If there is some way that I can do the above using ufuncs or reducers then any pointers would be very much appreciated. This is purely to improve speed, as iterating through the top-level array is very easy, but I thought I should check as the library provides some very nice/rich features and Numpy is certainly not my area of expertise so thought I could well be missing something.

jpivarski commented 4 years ago

Right: g([x1, x2, x3]) is more general than a reducer, which is r(r(x1, x2), x3). It's even more general than a fold, which relaxes the data type by taking an identity r0 and computing r(r(r(r0, x1), x2), x3); now the type signature of r can be r : (X, Y) → X, rather than r : (X, X) → X.

Your function g might do different things with x3 than it does with x1—in general, it can't be expressed in terms of ufuncs ("map") and reducers.

However, if the function g you're interested in happens to be something like mean, variance, covariance, or a linear fit, then it can be expressed as ufuncs and reducers. To do the same example with depth-1 jagged arrays (as in your example), you could compute intercepts like this:

>>> x = awkward.fromiter([[1.0, 2.0, 3.0], [1.0, 2.0, 3.0, 4.0, 5.0]])
>>> y = awkward.fromiter([[1.1, 2.3, 3.0], [0.9, 1.9, 3.2, 3.9, 5.3]])   # same lengths
>>> sumw = x.count()
>>> sumwx = x.sum()
>>> sumwxx = (x**2).sum()
>>> sumwy = y.sum()
>>> sumwxy = (x*y).sum()
>>> delta = (sumw * sumwxx) - (sumwx * sumwx)
>>> intercept = ((sumwxx * sumwy) - (sumwx * sumwxy)) / delta
>>> intercept
array([ 0.23333333, -0.2       ])

The .count() and .sum() reducers turn depth-N jagged arrays into depth-(N-1) jagged arrays (where depth-0 is a flat NumPy array). If you wanted to do something simpler like mean, it would be sumwx/sumw, a ufunc (/) of two arrays produced by reducing. Mean, variance, covariance, and linear fits are not reducers, but they can be expressed in terms of ufuncs and reducers. In fact, this is explicit in the Awkward Array code, which defines mean, var, and std in terms of ufuncs and reducers, but they are not themselves reducers.

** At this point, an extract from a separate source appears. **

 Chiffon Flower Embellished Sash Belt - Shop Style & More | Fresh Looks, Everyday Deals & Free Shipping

To be clear, this would not be possible for any arbitrary function g. For instance, it's impossible for median. For a general function, I think you'd have to write Python or Numba. But you were also talking about linear fits and so I don't want you to miss this important special case.

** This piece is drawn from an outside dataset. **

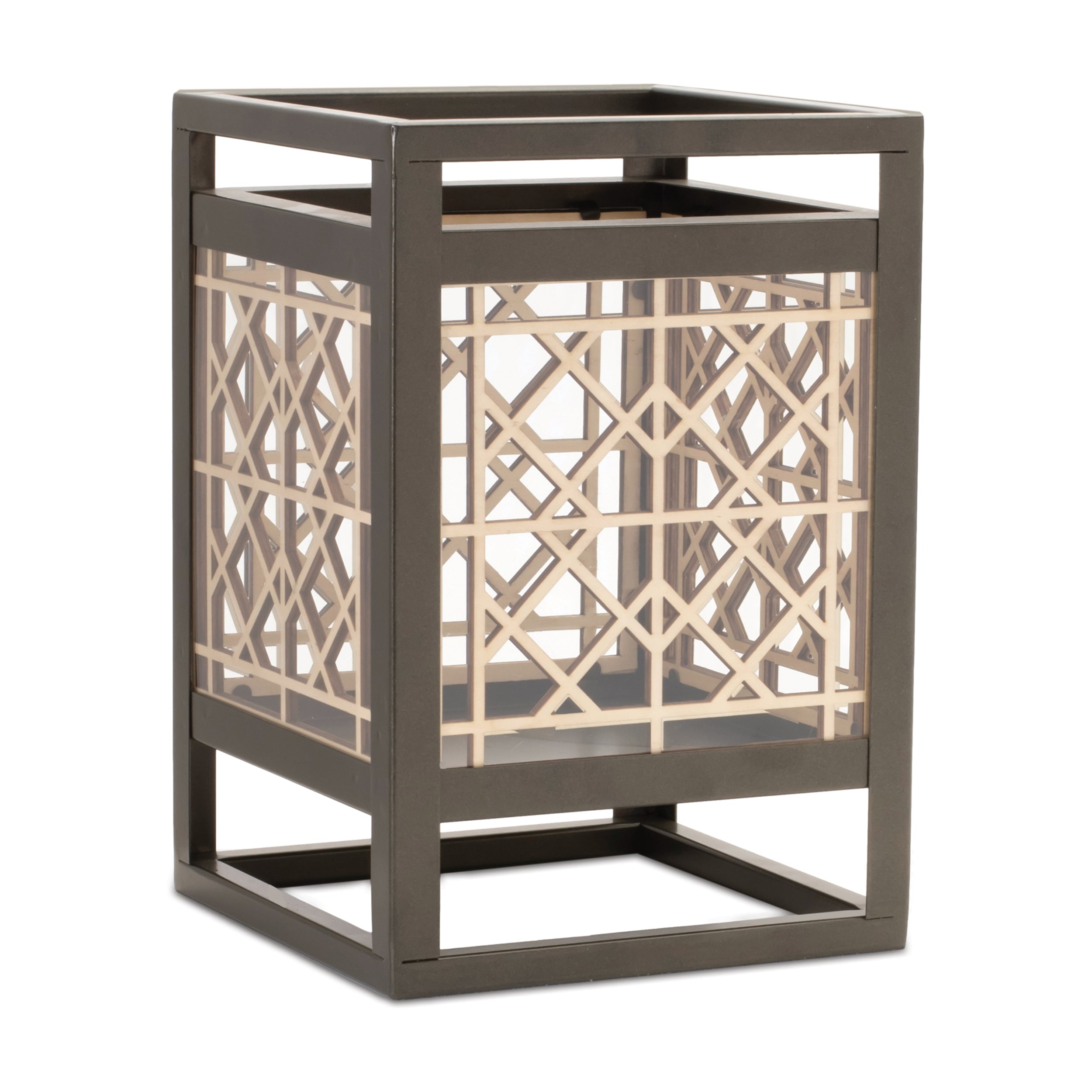 Cut Out Wood Candle Holder with Iron Frame 9.75"H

More generically, such as in windowing functions, it would also be very useful if the function applied to each array could itself also return an array i.e. g([float]) -> [float]. In this case, I guess that a reducer would also not work (?).

I think what you're asking for here can't be done in terms of ufuncs and reducers unless it's a ufunc itself. Reducers necessarily reduce the dimension, so g([float]) couldn't be turned into [float]. Ufuncs can satisfy this signature if you were interested in strict mapping, which you're not.

There isn't (right now) a good way to do window functions in Awkward.

matteogales commented 4 years ago

Thanks for the additional information; very useful, and educational.

I had already looked at the ufuncs and reducers defined in the library, and they do correspond to several of the functions that we would like to apply. Initial timings suggest that using Awkward would provide a significant performance increase from our existing implementations.

I also suspect that several of the functions we would like to apply can be expressed in terms of ufuncs and reducers (including linear fits), so having a reference to relevant pieces of code will be very useful when we looking at implementing those; thank you for that.

I am hopeful (TBC) that even for more generic functions being able to more easily slice and dice through nested arrays will prove more efficient than our current scheme. If that proves to be the case (or at least, if it is no worse), Awkward would seem a good fit for our use case.

Thank you for developing such a very useful resource.